I’ll admit I was specifically thinking about roleplaying games when I wrote this. I’d argue that one of the biggest appeals of playing RPGs is trying out new roles and exploring new ways to interact with the fictional world. Different settings give you different roles to play, such as an Elf Thief in D&D, a Dwarf Rigger in Shadowrun, or a Wookiee freighter captain in Star Wars.


If my new world doesn’t provide new roles to play, I’m not giving you much incentive to come play in my sandbox. “Yes the world has magical flying cities and zombie clown hordes, but the heroes are all the standard fantasy races and classes.” Yawn!


If the characters aren’t that different from other games, how different can the world really be?


(“Different,” by the way, is good because “different” is the reason you invest money and brain space on my world — it offers something that other products don’t.)


While I was thinking about RPGs when I tweeted, this mini-maxim applies to (genre) fiction as well.

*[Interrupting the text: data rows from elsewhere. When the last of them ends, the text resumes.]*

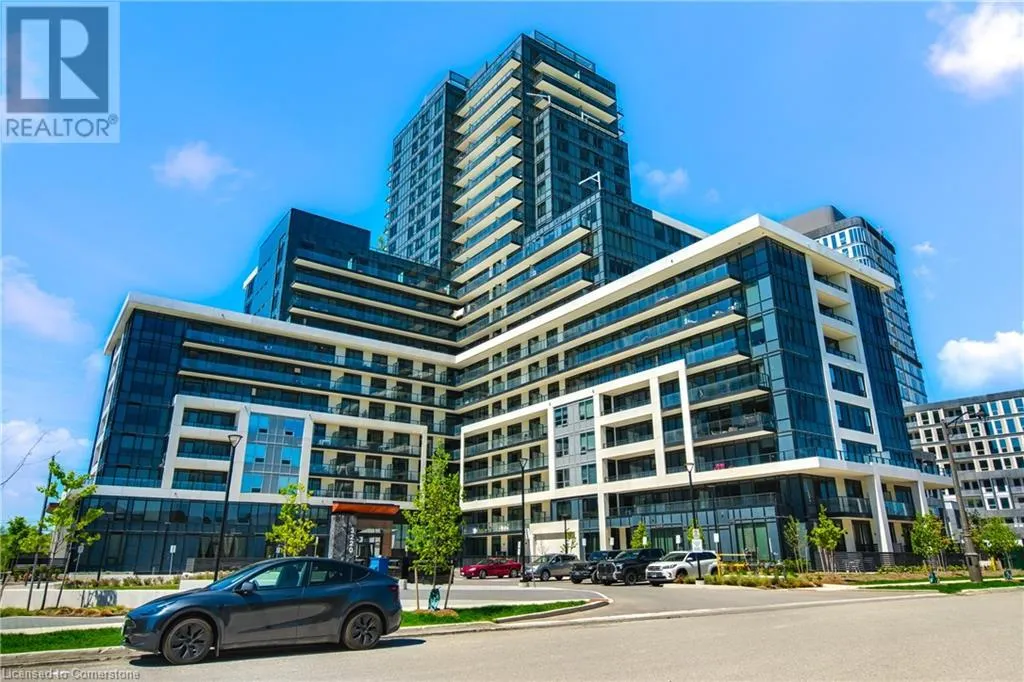 3220 WILLIAM COLTSON Avenue Unit# 1703, #1703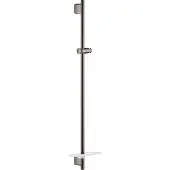 GROHE Barre de douche Rainshower SmartActive 900 mm (graphite dur)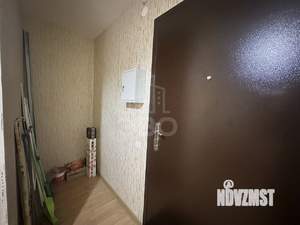 Студия квартира, на длительный срок, 30м2, 3/19 этаж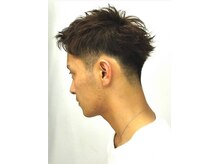 ヌバタマ フォー ヘア(NUBATAMA FOR HAIR)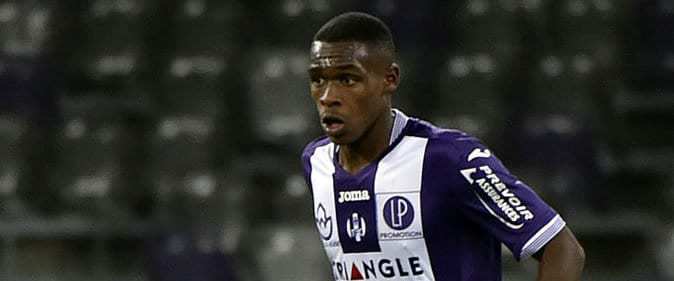 Mercato: Issa Diop dans le viseur de l'Inter de Milan - wiwsport Diop01 une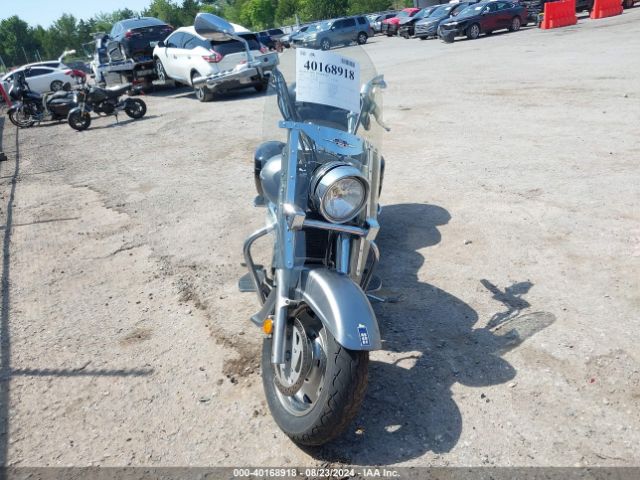 2007 SUZUKI VL1500 JS1VY52A072100562 Photo 4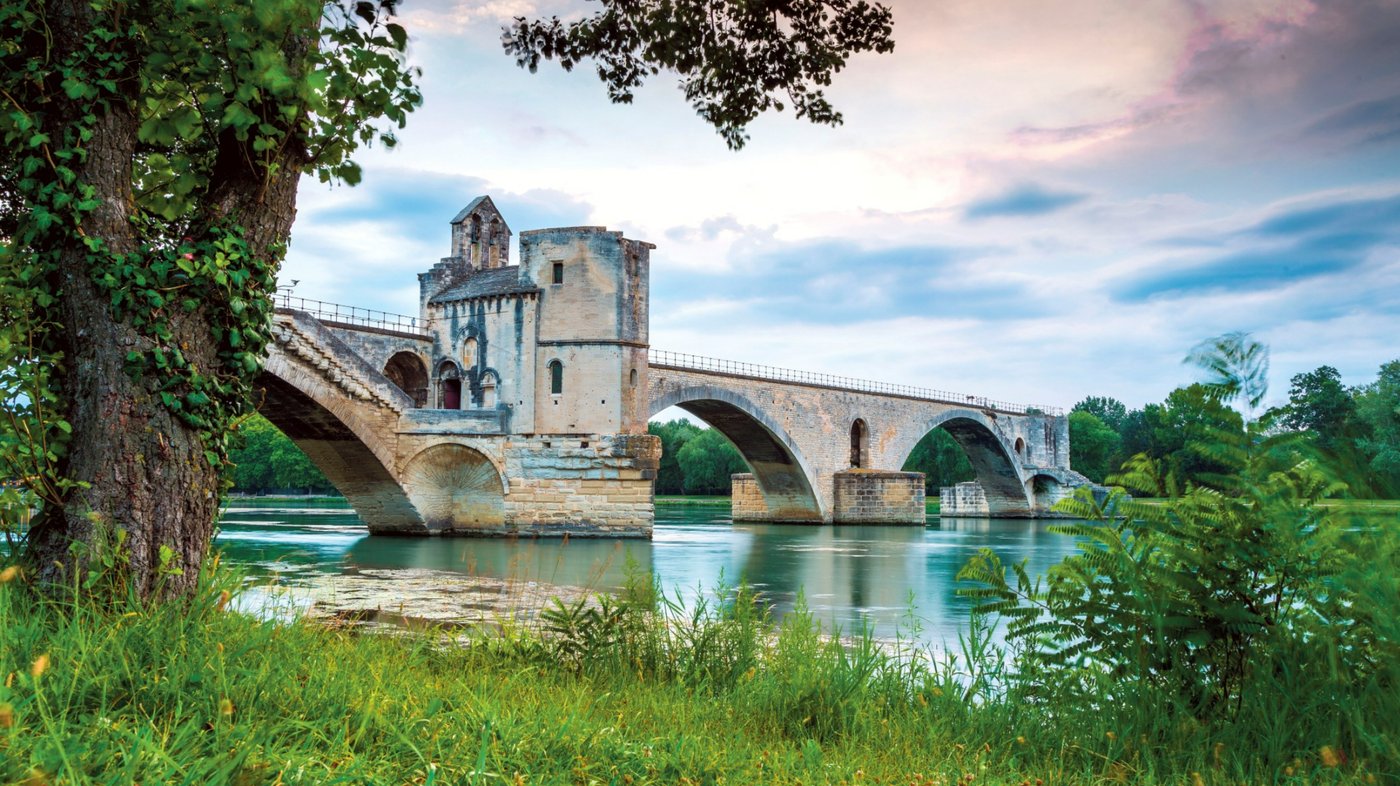 Avignon, France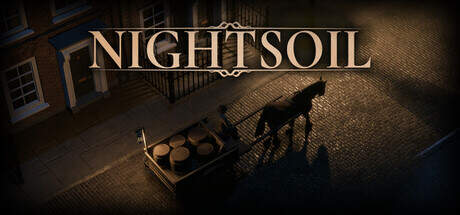 Nightsoil-TINYISO Nightsoil-TINYISO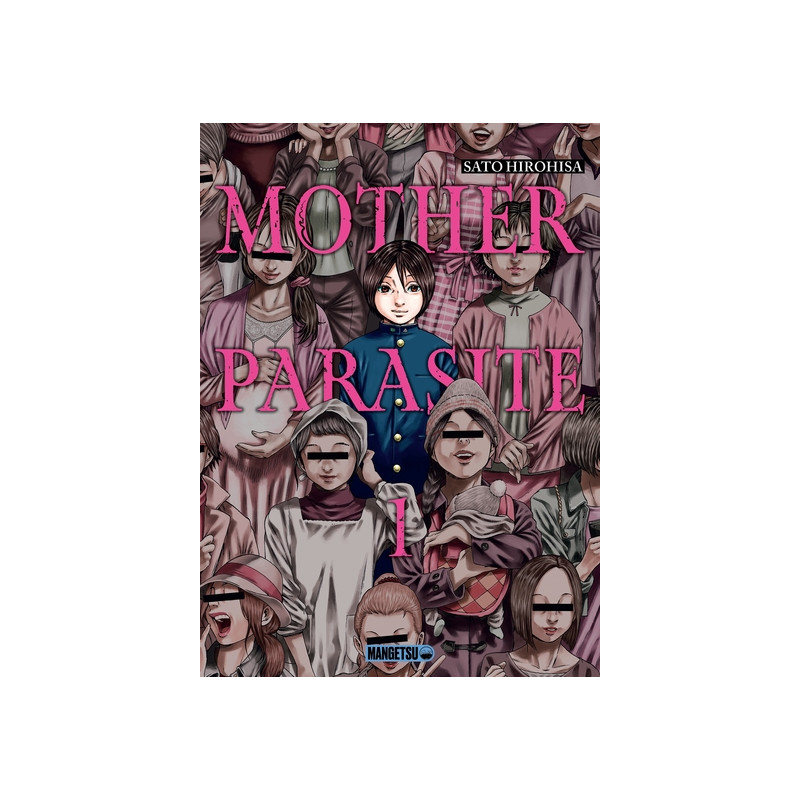 Mother Parasite T01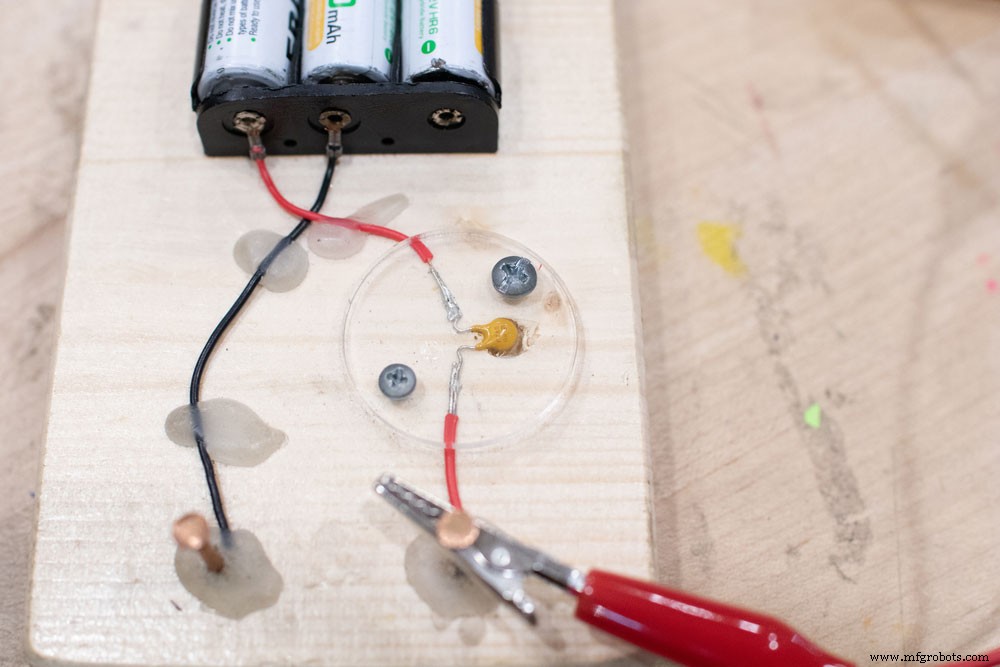 DIY 12‑Volt Battery: Simple, Reliable Guide for Electronics Enthusiasts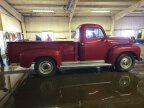 Thumbnail Photo 1 for 1951 Ford F3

We’ve got countless books about cops, detectives, doctors, lawyers, and spies. To read something different, about different characters, those characters need to have different roles – boy wizards, perhaps, or psychic waitresses in world like our own but stuffed with sexy vampires.


Could we have a story about a London police detective in the world of Harry Potter? Or an ambulance-chasing lawyer in the True Blood setting? Sure — but if those characters are indistinguishable are from their more mundane counterparts, their stories may not be sufficiently different, and that would be a waste.


Don’t waste the exciting new world you’ve created. Finish the job by creating exciting new roles for its characters to play and your audience to enjoy.